However, it is a challenging task to explore the pick-up point selection behavior of passengers due to three major reasons. (1) Large-scale and multi-attribute spatio-temporal data. The large scale of GPS data and the spatio-temporal attributes increase the difficulty of data analysis. (2) Dynamic urban transportation. Urban transportation is dynamic and it is not easy to extract movement patterns from large-scale data, which makes it difficult to identify pick-up point preferences. (3) Multiple influencing factors. Passengers’ selection of pick-up point is influenced by many factors, such as travel purpose, traffic conditions [46], convenience [38] and so on. It leads to complicated passenger preferences. Due to these challenges, a fully automated analysis of pick-up point selection is difficult. Visual analysis, combined with both advanced computational power and human cognitive abilities, can be an effective solution for analyzing pick-up point selection behavior.

To address the above problems, we propose a visual analytics system to handle large volumes of time-varying traffic data, aiming at visual exploration of passengers’ behavior for pick-up point selection in different regions. Analysts at taxi companies can use our system to obtain a series of useful discoveries, which can assist in the taxi operation management and dispatch guidance. Specifically, we adopt a hierarchical exploration approach comprising city, region, and point scales. We combine GPS data with POI data to provide insight into pick-up point analysis. A novel comparison view is designed to facilitate the comparative analysis of different regions. In summary, the primary contributions of this paper are as follows:

•

We propose an interactive visual analytics system for analysts in taxi companies to analyze passengers’ pick-up point selection behavior at multiple scales (city, region, and point), featuring pattern exploration and potential pick-up points discovery.
•

A novel design is developed for easily comparing different pick-up point selection patterns. An augmented beeswarm graph is adopted to show numerous trips and corresponding POI information.

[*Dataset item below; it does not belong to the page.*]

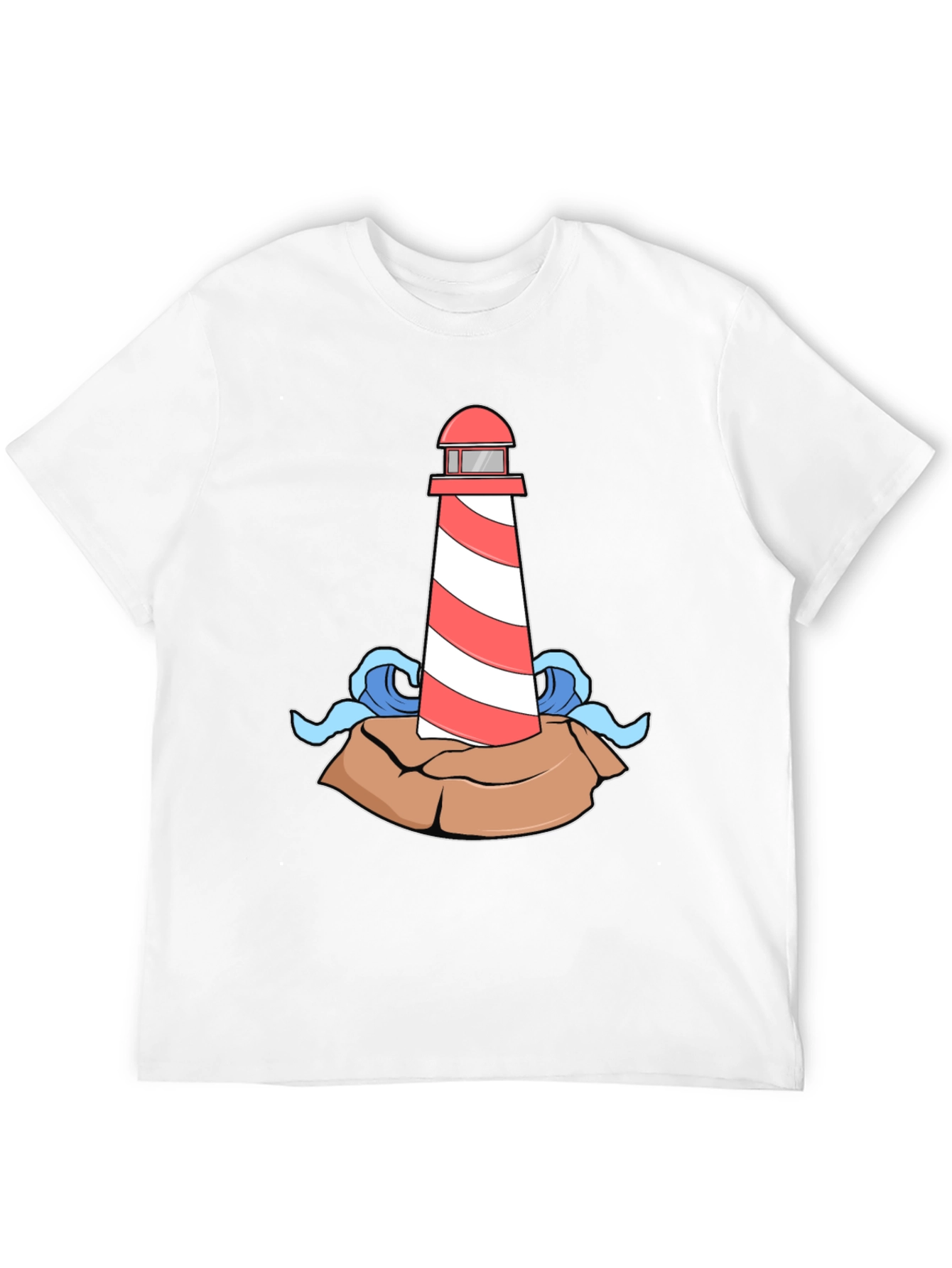 Lighthouse Graphic Print Tee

Further, a stacked bar chart option is provided for better comparison of large-scale pick-up point selection data.
•

Three case studies using a real-world dataset, together with expert interviews, are conducted to evaluate the effectiveness of T-PickSeer in empowering interactive exploration of passengers’ pick-up point selection behavior.

1 Related Work

This section reviews related research on the analysis of pick-up selection (Section 1.1) and visual analytics for traffic data (Section 1.2).

1.1 Analysis of Pick-up Selection

The study of pick-up selection of passengers is beneficial to the management of taxi operation and future urban planning, which is of great significance to the urban structure, policy making, resource allocation, and so on. These studies can be mainly divided into two parts: pattern analysis and potential pick-up exploration.

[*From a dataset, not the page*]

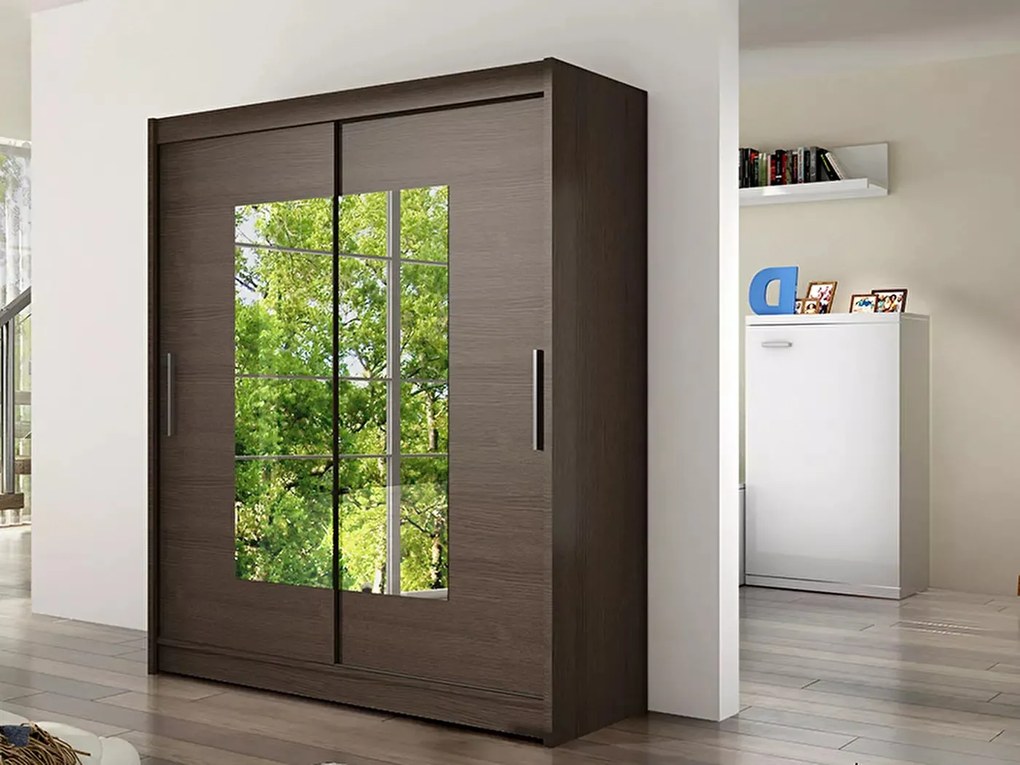 Dulap de haine Wopim III (choco). 786036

The studies of pattern analysis are mainly committed to finding behavior patterns for pick-up selection and analyzing influencing factors. Traditional methods (e.g., statistics and regression) have been proved effective and many useful conclusions have been drawn [15]. But these suggestions are general and have trouble dealing with dynamic spatio-temporal data. More detailed information is desired. Then some research turns to the discovery and analysis of hotspots. Bi et al. [5] dug out the travel rules of different hotspots. However, further analysis of the differences between the hotspots is lacking.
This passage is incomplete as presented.